In [1]:
from tqdm import tqdm
import numpy as np
import torch
from torch import nn
from torch.utils.data import Dataset
from torch.utils.data import DataLoader
from torchtext.vocab import build_vocab_from_iterator
import string
from data_preprocessing import load_sst
from utils import remove_special_content, replace_punct, preprocess
import numpy as np
import pandas as pd
import gensim.downloader as api
import matplotlib.pyplot as plt
import nltk
from nltk.corpus import stopwords
from nltk.tokenize import word_tokenize
from keras.preprocessing.text import text_to_word_sequence
from sklearn.model_selection import train_test_split
nltk.download('stopwords')
SEED = 42

torch.manual_seed(SEED)

[nltk_data] Downloading package stopwords to C:\Users\Chihao
[nltk_data]     Shen\AppData\Roaming\nltk_data...
[nltk_data]   Package stopwords is already up-to-date!
[nltk_data] Downloading package stopwords to C:\Users\Chihao
[nltk_data]     Shen\AppData\Roaming\nltk_data...
[nltk_data]   Package stopwords is already up-to-date!

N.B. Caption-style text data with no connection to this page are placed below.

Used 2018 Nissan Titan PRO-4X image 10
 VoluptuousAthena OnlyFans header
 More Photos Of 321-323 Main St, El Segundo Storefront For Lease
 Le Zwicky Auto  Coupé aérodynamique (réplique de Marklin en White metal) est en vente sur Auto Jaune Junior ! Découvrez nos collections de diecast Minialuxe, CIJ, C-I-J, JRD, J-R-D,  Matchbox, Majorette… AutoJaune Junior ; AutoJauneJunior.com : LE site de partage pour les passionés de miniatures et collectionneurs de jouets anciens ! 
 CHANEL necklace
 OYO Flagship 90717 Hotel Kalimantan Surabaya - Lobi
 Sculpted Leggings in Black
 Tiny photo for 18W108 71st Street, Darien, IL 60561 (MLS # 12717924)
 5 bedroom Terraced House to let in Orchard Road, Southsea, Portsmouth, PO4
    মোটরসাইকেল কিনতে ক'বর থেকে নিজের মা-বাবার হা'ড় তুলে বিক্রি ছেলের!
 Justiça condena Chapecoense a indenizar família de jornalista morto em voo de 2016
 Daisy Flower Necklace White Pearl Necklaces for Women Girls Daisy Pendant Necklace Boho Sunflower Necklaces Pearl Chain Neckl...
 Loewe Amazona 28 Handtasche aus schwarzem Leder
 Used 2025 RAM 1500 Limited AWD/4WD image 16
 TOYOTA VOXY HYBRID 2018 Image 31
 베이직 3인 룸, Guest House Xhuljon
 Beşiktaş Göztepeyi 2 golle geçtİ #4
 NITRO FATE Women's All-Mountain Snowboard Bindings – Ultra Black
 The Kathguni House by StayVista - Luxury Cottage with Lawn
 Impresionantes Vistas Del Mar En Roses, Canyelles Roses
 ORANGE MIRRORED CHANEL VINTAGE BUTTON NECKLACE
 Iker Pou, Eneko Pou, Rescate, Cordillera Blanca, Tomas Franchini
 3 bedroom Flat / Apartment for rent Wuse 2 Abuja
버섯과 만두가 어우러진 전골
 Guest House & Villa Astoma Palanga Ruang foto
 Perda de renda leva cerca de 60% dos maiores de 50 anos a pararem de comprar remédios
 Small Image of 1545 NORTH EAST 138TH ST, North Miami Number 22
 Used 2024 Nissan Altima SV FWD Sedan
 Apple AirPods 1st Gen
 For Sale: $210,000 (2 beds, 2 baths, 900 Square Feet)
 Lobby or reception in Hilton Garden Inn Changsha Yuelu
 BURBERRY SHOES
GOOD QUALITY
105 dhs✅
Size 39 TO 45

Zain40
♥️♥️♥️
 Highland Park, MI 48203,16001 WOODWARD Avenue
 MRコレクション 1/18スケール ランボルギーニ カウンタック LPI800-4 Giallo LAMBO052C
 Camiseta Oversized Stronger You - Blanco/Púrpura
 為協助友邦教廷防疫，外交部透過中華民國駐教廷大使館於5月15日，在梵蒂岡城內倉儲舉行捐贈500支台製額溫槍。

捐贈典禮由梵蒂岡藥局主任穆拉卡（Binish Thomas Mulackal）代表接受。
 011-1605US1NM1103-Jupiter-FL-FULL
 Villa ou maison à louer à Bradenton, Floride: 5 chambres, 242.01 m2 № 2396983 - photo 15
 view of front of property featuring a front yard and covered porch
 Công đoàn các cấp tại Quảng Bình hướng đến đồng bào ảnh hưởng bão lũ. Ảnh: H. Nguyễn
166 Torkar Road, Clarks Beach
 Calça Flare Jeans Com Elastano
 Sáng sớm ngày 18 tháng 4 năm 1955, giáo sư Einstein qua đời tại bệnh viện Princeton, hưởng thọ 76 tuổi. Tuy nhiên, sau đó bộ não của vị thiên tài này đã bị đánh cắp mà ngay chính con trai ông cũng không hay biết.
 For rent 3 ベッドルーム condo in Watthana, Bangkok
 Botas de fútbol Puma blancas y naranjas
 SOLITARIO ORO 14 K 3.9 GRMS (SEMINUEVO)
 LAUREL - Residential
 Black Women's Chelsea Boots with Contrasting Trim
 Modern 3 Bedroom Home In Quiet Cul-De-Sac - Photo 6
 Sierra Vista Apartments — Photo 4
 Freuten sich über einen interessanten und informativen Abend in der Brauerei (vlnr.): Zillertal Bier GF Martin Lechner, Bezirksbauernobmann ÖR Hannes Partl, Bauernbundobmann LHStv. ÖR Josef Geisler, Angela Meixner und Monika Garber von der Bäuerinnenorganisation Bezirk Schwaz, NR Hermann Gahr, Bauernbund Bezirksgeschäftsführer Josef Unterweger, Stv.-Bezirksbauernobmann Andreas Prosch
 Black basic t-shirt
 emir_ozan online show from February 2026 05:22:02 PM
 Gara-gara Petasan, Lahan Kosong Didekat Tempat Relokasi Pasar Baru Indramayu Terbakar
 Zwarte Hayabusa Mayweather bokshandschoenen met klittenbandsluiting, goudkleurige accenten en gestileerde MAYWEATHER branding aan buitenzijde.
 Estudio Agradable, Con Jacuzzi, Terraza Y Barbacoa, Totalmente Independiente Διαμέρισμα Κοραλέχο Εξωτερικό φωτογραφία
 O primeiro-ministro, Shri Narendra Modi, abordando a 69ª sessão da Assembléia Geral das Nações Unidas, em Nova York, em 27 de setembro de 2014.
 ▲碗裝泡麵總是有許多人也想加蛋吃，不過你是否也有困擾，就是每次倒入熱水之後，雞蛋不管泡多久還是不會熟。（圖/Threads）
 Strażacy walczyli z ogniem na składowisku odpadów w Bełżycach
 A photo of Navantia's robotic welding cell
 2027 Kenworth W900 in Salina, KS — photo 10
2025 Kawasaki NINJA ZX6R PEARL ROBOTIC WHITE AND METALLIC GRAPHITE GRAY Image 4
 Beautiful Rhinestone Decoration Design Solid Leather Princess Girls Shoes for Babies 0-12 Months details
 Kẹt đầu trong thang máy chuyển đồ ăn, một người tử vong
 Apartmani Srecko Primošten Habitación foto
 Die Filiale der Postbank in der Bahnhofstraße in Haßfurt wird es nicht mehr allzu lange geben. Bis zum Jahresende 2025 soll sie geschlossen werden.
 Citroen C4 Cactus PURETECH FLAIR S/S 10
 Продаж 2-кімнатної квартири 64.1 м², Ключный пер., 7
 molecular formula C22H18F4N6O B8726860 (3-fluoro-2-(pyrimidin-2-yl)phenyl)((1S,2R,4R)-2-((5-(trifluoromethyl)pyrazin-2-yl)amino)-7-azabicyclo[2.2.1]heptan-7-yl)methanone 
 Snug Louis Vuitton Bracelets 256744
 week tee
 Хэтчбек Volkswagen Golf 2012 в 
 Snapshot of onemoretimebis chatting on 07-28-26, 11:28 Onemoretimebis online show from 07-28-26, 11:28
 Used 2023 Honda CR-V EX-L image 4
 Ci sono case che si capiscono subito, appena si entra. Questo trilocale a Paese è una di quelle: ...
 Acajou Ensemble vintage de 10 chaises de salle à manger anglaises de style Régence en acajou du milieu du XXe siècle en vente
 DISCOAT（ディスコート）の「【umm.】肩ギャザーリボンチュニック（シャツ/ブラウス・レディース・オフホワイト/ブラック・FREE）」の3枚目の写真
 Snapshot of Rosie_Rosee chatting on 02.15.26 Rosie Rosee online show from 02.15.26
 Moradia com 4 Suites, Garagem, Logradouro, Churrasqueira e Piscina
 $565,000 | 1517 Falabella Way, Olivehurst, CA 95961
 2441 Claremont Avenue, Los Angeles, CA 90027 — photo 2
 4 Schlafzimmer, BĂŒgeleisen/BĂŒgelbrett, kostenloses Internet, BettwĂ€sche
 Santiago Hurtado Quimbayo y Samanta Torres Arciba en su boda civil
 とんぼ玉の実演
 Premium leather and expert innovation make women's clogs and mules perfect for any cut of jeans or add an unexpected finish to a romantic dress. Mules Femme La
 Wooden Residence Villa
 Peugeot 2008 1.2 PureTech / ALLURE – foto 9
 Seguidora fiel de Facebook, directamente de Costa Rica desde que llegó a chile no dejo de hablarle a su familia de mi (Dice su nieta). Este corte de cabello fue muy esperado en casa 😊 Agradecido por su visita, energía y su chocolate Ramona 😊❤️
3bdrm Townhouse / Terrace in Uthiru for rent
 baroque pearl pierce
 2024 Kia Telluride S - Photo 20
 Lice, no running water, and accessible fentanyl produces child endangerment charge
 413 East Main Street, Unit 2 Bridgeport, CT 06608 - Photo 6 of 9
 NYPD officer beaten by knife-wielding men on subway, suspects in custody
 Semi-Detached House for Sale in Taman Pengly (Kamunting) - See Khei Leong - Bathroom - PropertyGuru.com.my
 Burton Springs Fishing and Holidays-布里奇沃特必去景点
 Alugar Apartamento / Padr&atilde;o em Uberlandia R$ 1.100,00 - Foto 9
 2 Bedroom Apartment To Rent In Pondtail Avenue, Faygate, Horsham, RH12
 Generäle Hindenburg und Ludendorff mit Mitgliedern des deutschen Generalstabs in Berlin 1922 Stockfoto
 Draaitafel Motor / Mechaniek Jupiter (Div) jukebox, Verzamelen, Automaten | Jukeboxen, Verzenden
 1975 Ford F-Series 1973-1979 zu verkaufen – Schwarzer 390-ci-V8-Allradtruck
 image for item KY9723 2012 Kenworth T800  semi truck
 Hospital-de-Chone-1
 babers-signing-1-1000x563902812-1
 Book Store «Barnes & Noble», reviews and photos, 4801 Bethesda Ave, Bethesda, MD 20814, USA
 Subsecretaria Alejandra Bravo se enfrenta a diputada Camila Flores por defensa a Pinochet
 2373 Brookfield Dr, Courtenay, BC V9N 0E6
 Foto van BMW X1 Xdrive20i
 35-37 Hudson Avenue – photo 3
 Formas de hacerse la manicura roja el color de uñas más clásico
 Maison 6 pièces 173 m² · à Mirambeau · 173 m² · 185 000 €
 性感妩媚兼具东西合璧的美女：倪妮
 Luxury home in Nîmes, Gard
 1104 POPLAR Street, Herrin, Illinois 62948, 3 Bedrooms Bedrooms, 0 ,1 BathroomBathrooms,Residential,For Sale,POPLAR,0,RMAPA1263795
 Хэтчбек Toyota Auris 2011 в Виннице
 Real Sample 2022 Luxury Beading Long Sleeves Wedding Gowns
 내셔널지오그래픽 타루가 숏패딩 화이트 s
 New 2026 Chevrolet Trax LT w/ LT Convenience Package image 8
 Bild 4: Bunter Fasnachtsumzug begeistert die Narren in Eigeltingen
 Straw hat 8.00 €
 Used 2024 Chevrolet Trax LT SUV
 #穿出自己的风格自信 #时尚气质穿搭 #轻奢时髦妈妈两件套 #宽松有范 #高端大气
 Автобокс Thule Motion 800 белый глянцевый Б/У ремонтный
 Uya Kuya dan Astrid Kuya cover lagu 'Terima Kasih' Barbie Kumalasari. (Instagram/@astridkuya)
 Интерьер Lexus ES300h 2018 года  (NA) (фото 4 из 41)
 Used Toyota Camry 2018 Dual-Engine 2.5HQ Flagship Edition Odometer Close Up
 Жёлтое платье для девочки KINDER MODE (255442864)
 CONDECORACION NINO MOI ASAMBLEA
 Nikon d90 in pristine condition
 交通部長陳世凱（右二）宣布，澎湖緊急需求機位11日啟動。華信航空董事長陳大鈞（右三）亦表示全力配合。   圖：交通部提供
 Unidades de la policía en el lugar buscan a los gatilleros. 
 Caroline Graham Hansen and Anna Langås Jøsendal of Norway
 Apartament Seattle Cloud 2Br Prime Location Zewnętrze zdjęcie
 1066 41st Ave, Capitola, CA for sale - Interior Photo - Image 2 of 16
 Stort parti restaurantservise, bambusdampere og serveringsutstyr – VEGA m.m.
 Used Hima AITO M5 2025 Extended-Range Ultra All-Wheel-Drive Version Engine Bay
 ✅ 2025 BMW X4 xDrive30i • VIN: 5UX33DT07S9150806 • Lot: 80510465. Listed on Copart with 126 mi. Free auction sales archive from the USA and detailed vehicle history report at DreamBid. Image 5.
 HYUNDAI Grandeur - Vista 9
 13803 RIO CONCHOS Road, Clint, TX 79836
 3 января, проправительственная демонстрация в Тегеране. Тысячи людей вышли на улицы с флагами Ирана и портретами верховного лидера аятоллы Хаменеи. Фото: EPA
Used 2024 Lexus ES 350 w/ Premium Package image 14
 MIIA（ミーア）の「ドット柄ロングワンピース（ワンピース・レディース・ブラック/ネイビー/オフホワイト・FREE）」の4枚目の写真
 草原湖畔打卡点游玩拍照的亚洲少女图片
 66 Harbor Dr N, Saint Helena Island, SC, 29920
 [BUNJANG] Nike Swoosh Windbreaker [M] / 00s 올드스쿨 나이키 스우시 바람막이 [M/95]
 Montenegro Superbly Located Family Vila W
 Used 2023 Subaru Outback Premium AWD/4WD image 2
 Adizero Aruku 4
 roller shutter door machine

<torch._C.Generator at 0x22369873cd0>

## Validation for choosing hyperparameters

### Load dataset

In [2]:
train_data, train_labels, val_data, val_labels, dev_data, dev_labels = load_sst()

INFO: SST-2 loaded


In [3]:
df_train = pd.DataFrame({'content':train_data, 'sentiment':train_labels})
df_train.reset_index(drop=True, inplace=True)
X_train, X_val, y_train, y_val = train_test_split(df_train['content'], df_train['sentiment'], test_size=0.2, random_state=42)


In [4]:
model_type = 'word2vec-google-news-300'  # 25 100 200 word2vec 300 
w2vModel = api.load(model_type)

INFO: loading projection weights from C:\Users\Chihao Shen/gensim-data\word2vec-google-news-300\word2vec-google-news-300.gz
INFO: KeyedVectors lifecycle event {'msg': 'loaded (3000000, 300) matrix of type float32 from C:\\Users\\Chihao Shen/gensim-data\\word2vec-google-news-300\\word2vec-google-news-300.gz', 'binary': True, 'encoding': 'utf8', 'datetime': '2024-04-15T01:47:11.501574', 'gensim': '4.3.2', 'python': '3.10.11 (tags/v3.10.11:7d4cc5a, Apr  5 2023, 00:38:17) [MSC v.1929 64 bit (AMD64)]', 'platform': 'Windows-10-10.0.22631-SP0', 'event': 'load_word2vec_format'}


In [5]:
texts = X_train
val_text = X_val

### Do word vector embedding

In [6]:
# do tokenization
def tokenize(texts, max_length, tokenizer):
    texts = [s.lower() for s in texts]
    data = torch.zeros((len(texts), max_length), dtype=torch.int)
    for i, sentences in enumerate(texts):
        word_sequence = text_to_word_sequence(sentences)
        j = 0
        for word in word_sequence:
            try:
                if j < max_length:
                    data[i, j] = tokenizer[word]
                    j += 1
            except:
                data[i, j] = 0
                j += 1
    return data

In [7]:
# load word model
words = list(w2vModel.key_to_index.keys())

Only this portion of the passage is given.